### [WHAT TO PRODUCE]
What you should give back is every line from the one containing "Building Photo - 5679 Coopers Glen Ct SW" through the last line of the records below, word for word and without pictures.

### [DATASET CONTENT]
________________________________________

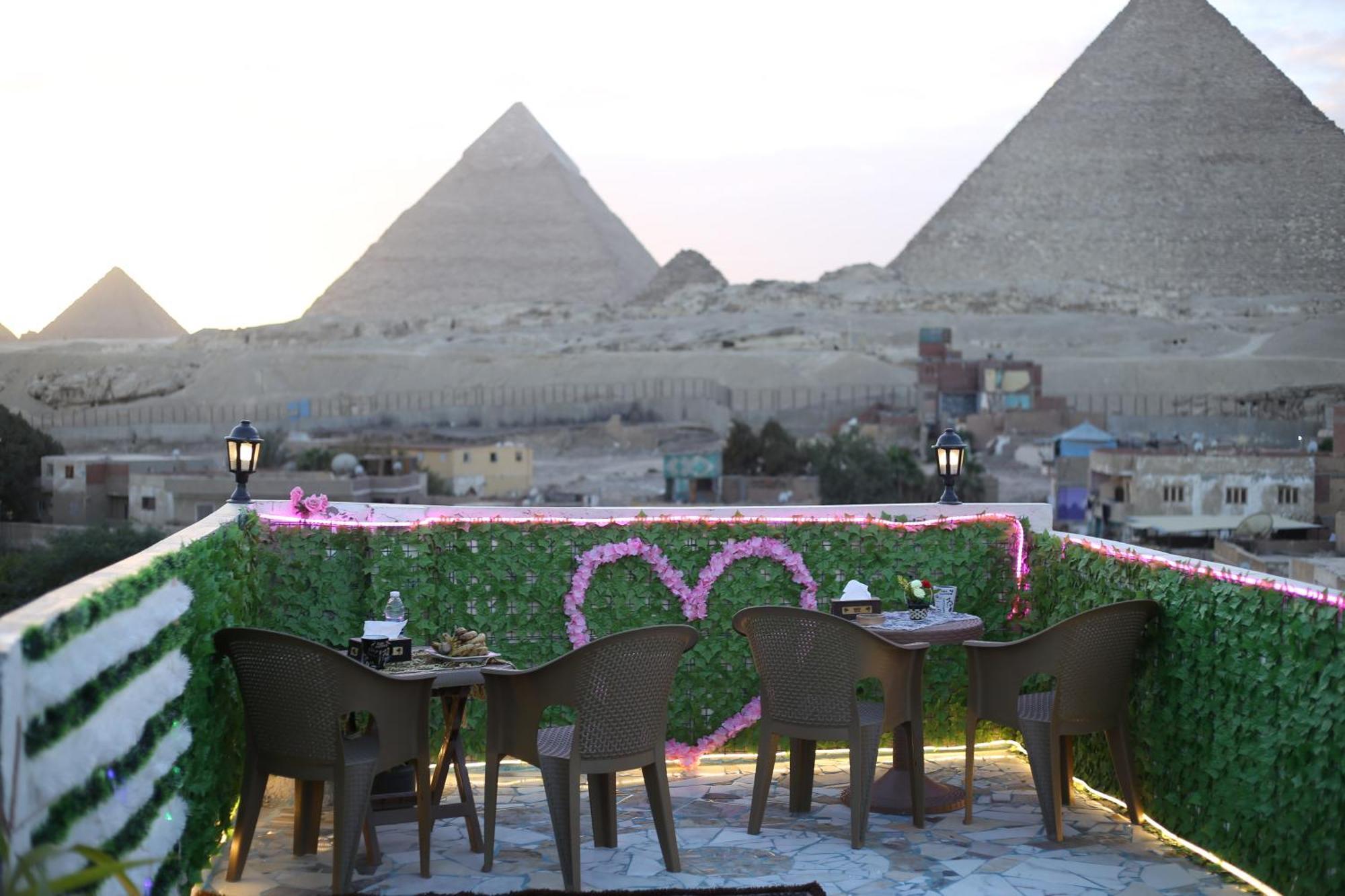 Pyramids Show Hotel Kafret el-Gabal 외부 사진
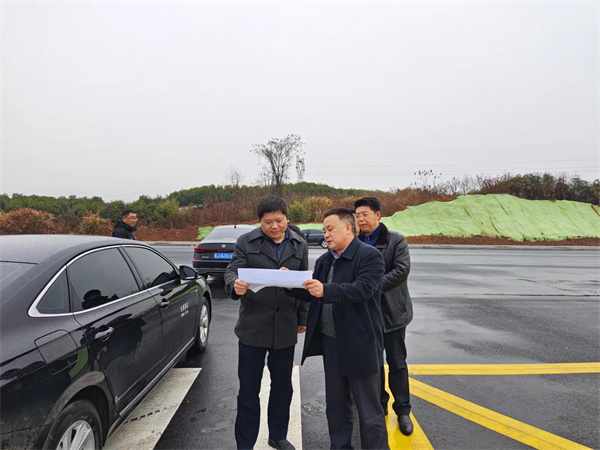 1月18日，洪董，張總陪同詹凱縣長(cháng)督導富新路工程項目.jpg
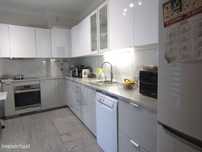 Apartamento T4 com 175m2, zona central de Portalegre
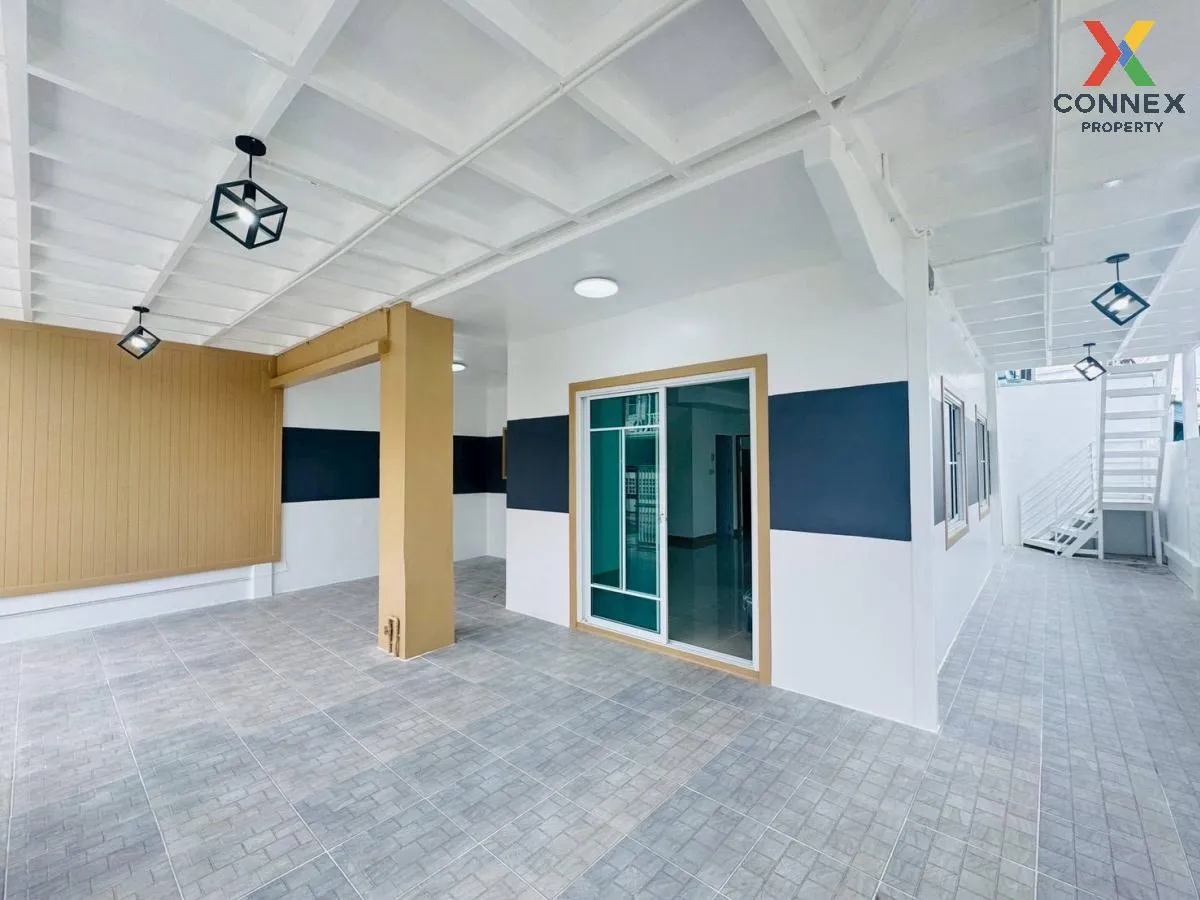 For Sale Townhouse/Townhome  , Pruksa 30 Baan Kluay-Sai Noi , new 4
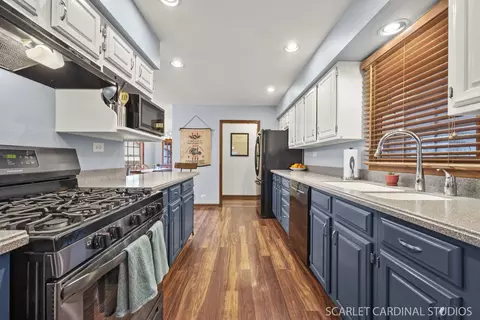 Kitchen - 514 Cochise Pl, Carol Stream, IL 60188 photo 1 of 2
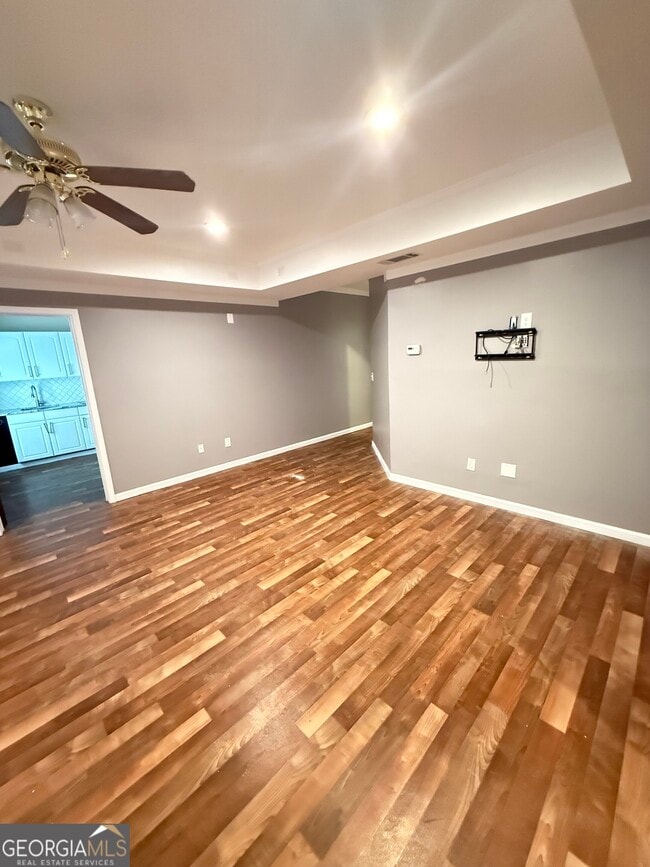 Building Photo - 5679 Coopers Glen Ct SW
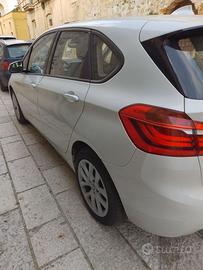 BMW  Active tured 216d. (2017)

________________________________________

### [OUTPUT OF THE EXERCISE]
 Building Photo - 5679 Coopers Glen Ct SW
 BMW  Active tured 216d. (2017)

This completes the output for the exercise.